### Problem to solve
Quote all lines below exactly. Images stay out.

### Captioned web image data

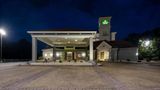 La Quinta Inn & Suites Raleigh Cary Exterior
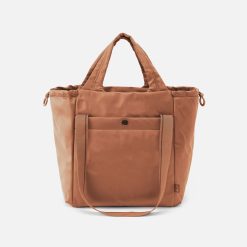 PLACES TO GO Tote in CaRefiber recycled nylon - Dune
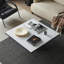 Table basse légère et luxueuse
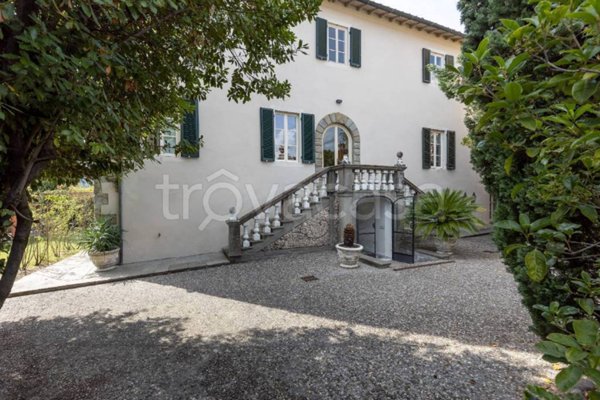 casa indipendente in vendita a Lucca in zona Centro Città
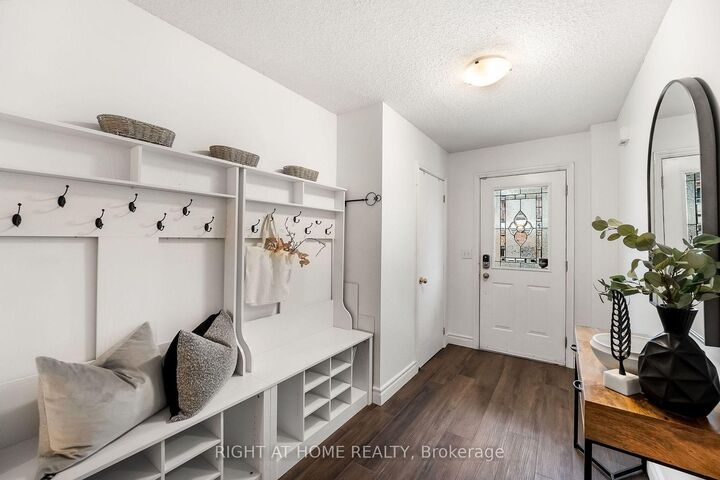 Property Photo:  65 Sprucedale Way 31  ON L1N 9T9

### Answer space
 La Quinta Inn & Suites Raleigh Cary Exterior
 PLACES TO GO Tote in CaRefiber recycled nylon - Dune
 Table basse légère et luxueuse
 casa indipendente in vendita a Lucca in zona Centro Città
 Property Photo:  65 Sprucedale Way 31  ON L1N 9T9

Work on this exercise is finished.